I’M NOT IN JAIL, BUT…
Officer briefly interrupting his conversation with an inappropriately clothed for 30 degree weather chick speaking in a weird accent which Dawn likes to assume is Swedish:
“Ma’am, you can’t come through here with a box.”
Me, smiling sweetly and being totally respectful and polite as I carried my Christmas gift over to the party: Okay, but how far North do I have to go to be able to walk across to ninth.
Officer annoyed that I have once again interrupted his conversation with the Swede: No boxes through here.
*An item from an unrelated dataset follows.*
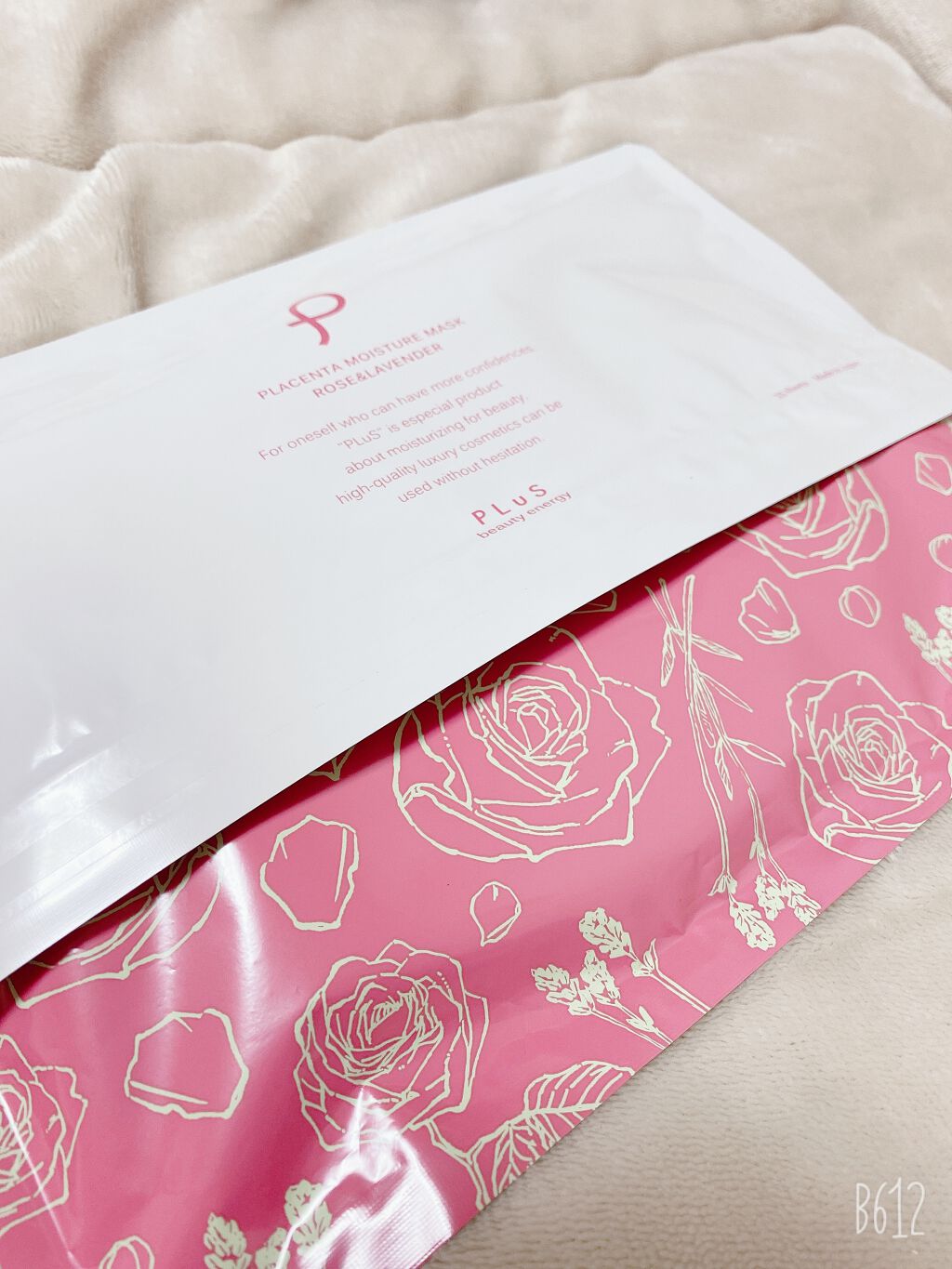 プラセンタモイスチュアマスク/PLuS/シートマスク・パックを使ったクチコミ(2枚目)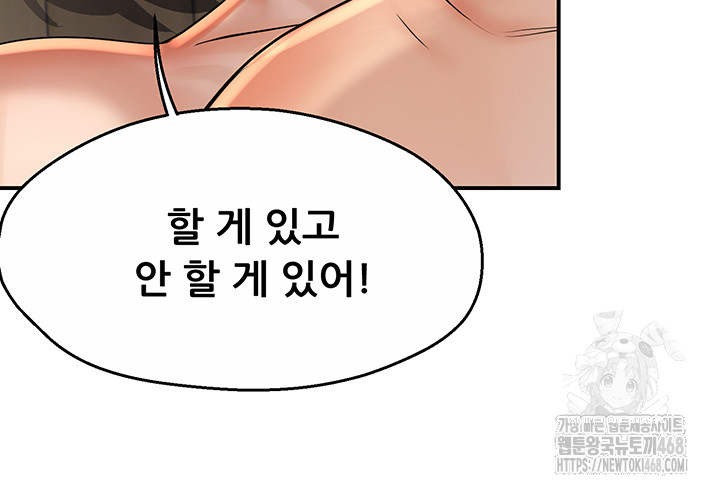 Yogurt Delivery Lady Raw Chapter 50 - Page 34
Me, no longer smiling, but still respectful and polite: Yes, but how far North do I —
Officer: NO BOXES
Me, no longer smiling, no longer respectful, no longer polite: Yeah, I got that. I speak English. And yes, even though I’m black, I actually live in this city and pay taxes (voice in head: Dawn don’t say the ‘which pays your salary’ part) that pay your salary (voice in head: well, ok, you’re mad and I guess we did send out the plea for bail money in advance, just don’t call him any names.) Now, I don’t understand why I have to become a complete bitch for you to answer my simple question, but I guess bitch is the only language an asshole understands. NOW, how far up does this blockade go?
Officer, now fully paying attention: Umm..you could try 57th, but they’re not going to let you through.
Me: Thank You.
Officer and completely horrified Swede stare at me as I cross the street and promptly hail a cab to take me across Times Square.
Fucking brilliant impenetrable security system they have going there.